Fragments of an old boot were lying on the ground in this space in front of the house. It seems likely this would have belonged to one of the people mentioned earlier who lived in the house.


This bit of the boot has made a good home for slugs and woodlice.


I wondered if this curved piece went around the heel.


Another piece shows small holes for stitching.


Reinforcing the idea that the south face of the building was the front, a low wall and a gatepost survive a few feet south of the south wall.


Turned around and looking north, there appears to be a doorway into a small enclosure or cell to the west of the square house corner.

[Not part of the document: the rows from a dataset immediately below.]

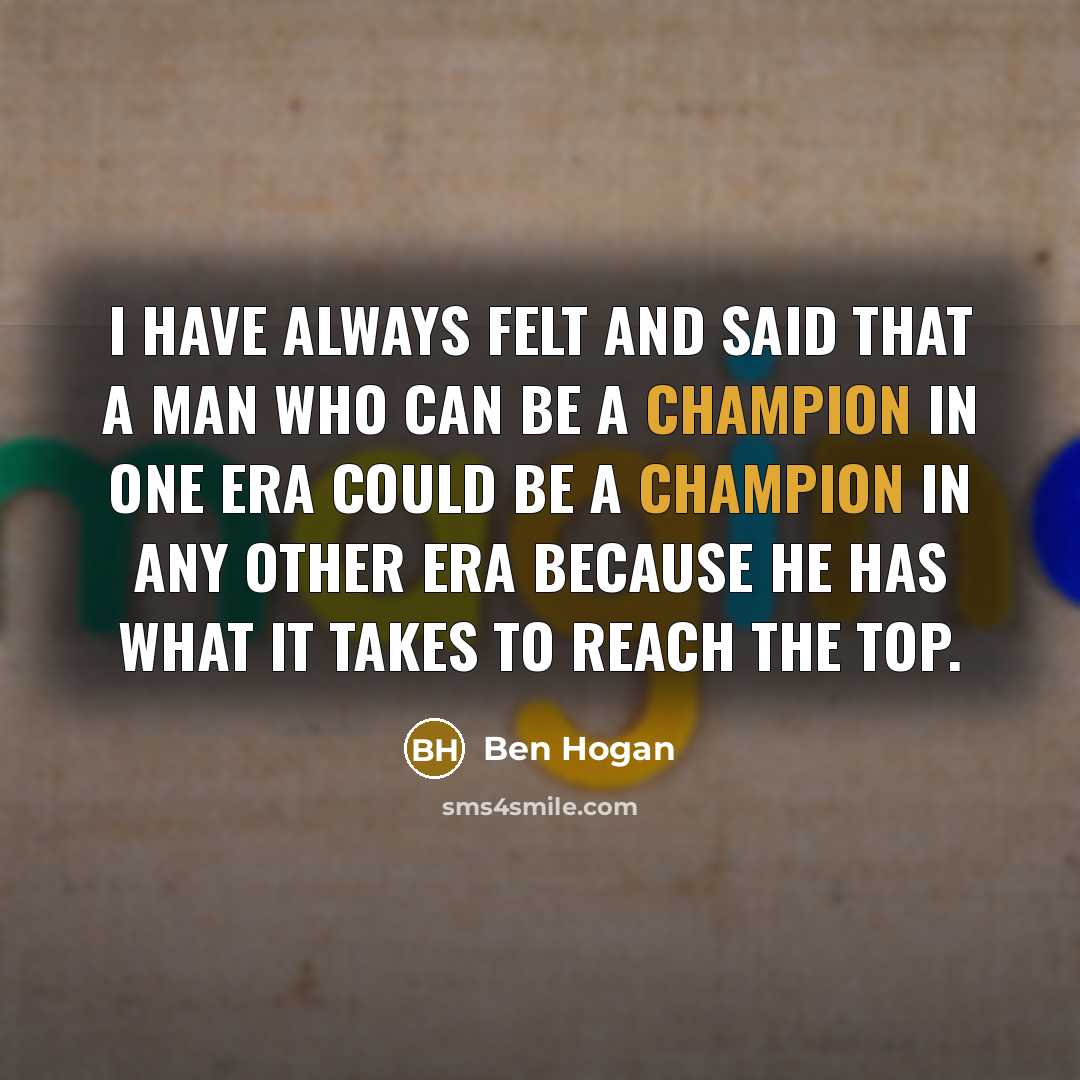 “I have always felt and said that a man who…” quote by Ben Hogan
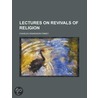 Lectures On Revivals Of Religion door Charles Grandison Finney
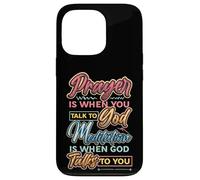Meditation Is When God Talks To You Meditation Case for iPhone 13 Pro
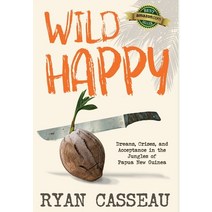 (영문도서) Wild Happy: Dreams Crises and Acceptance in the Jungles of Papua New Guinea Hardcover, Cresting Wave Publishing, English, 9781956048018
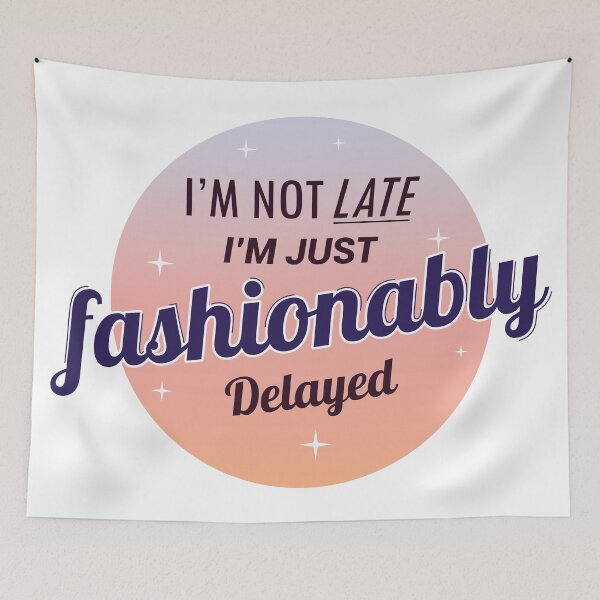 Item preview, I'm Not Late I'm just fashionably delayed designed and sold by moodboardhaven.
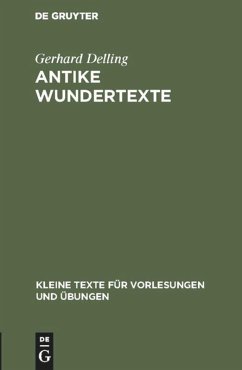 Antike Wundertexte - Delling, Gerhard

It's hard to tell if this cell has any connecting door between it and the structure on the right, since the wall is so ruined. It looks as if the western wall of the cell were part of the enclosure wall.


A still from my video of the place shows the south wall of this cell apparently built into the enclosure wall to the west. Perhaps it was never higher than the third course of stone to the left here.


In the mound of infill over the house remains was this piece of glass, probably the bottom of a bottle.


The bottom of the glass in the previous photo.


A small, ruined enclosure sits just to the north of the house. It looks as if there was another structure, perhaps a pen, just to the north east.


Looking back over the mound of the demolished house.


Looking south at the highest surviving part of the house wall. It seems likely to me that the dwelling was to the left with only a small enclosure to the right.


There may be another enclosure to the south east of the house, but the stones are covered in moss and grass.


Looking west across the extent of the house remains, with the single gatepost to the left.


Outside the enclosure around the house the land is rather more wild and moorlike. This view is looking down towards the Conwy Valley.